O vice-diretor do curso de Turismo e hotelaria da UFF e orientador do grupo de pesquisa, Carlos Lidizia, relatou que muitas das vezes o mercado só enxerga pessoas com deficiência motora como possíveis clientes e não tenta se adaptar para outros tipos de deficiências, como a visual, a auditiva ou as necessidades de pessoas autistas e com síndrome de Down. O professor afirmou que percebeu isso na prática. Durante o projeto, levaram 20 pessoas neurodivergentes (com síndrome de Down ou autistas) para visitar o Cristo Redentor. Como eles estavam cansados, pediu para colocá-los no elevador e o seu pedido foi negado por um funcionário: “Ele disse que só podia liberar para quem usa cadeira de roda, o conceito dessas pessoas que estão neste equipamento também é desatualizado”, relatou  Carlos.
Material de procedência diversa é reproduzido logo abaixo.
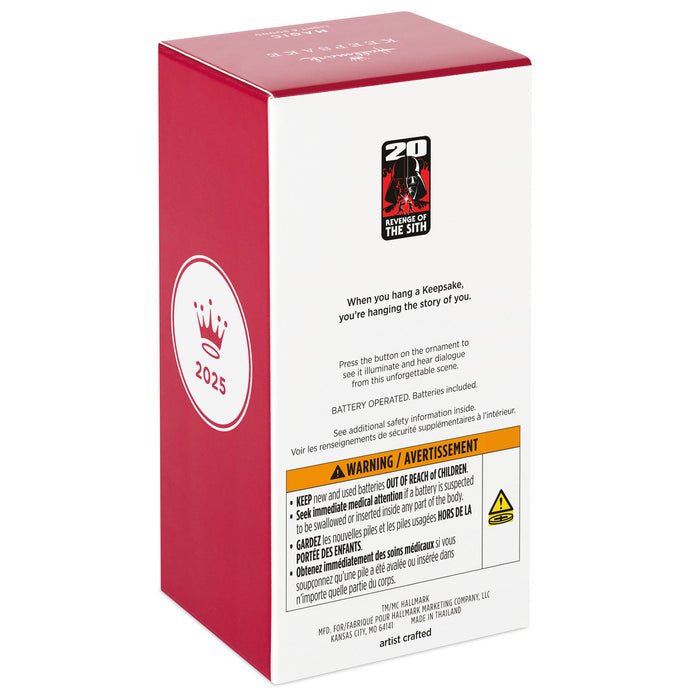 Star Wars: Revenge of the Sith™ Execute Order 66 2025 Ornament With Light and Sound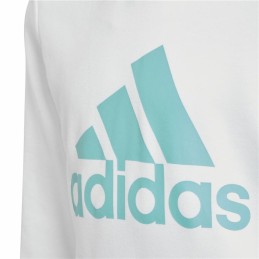 Polar com Capuz Criança Adidas Azul Branco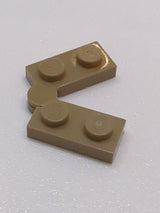 NEU Scharnierplatte 1 x 4 Schwenk (2429 / 2430) dunkelbeige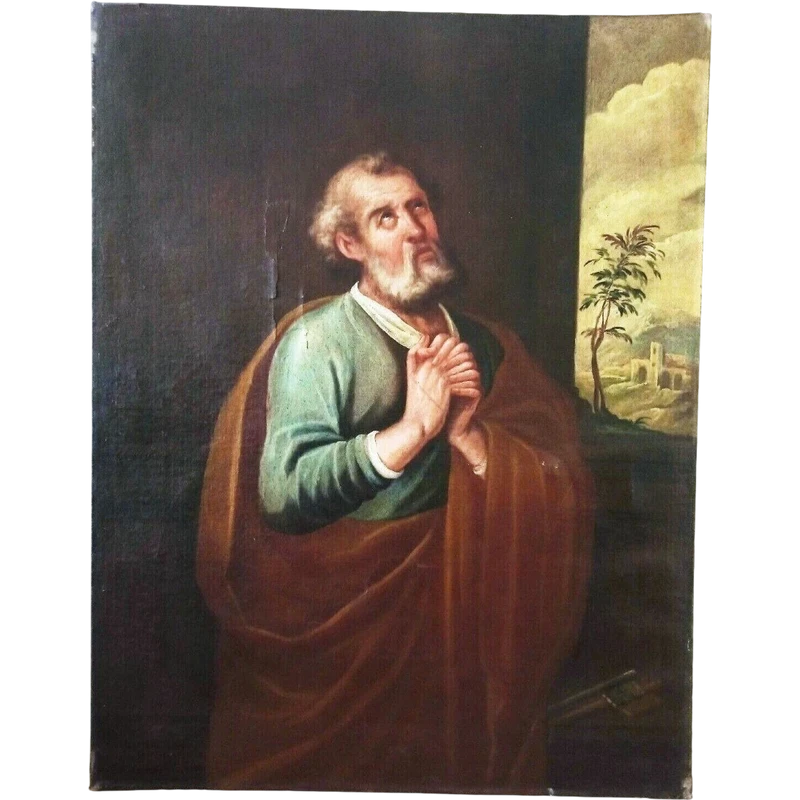 Antco, 17th-century painting of St. Peter, Tuscan school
Contudo, o professor mencionou que isso ocorreu no início do projeto e não houve mais casos parecidos. E relatou em tom positivo que sente uma mudança geral na sociedade em relação ao  preconceito a PcDs. Com isso, acredita que o mercado do turismo brasileiro também se adaptará às demandas de um serviço realizado para todos. “Tem muita coisa para fazer, tem muita coisa para ser melhorada, mas o mínimo evoluiu.”.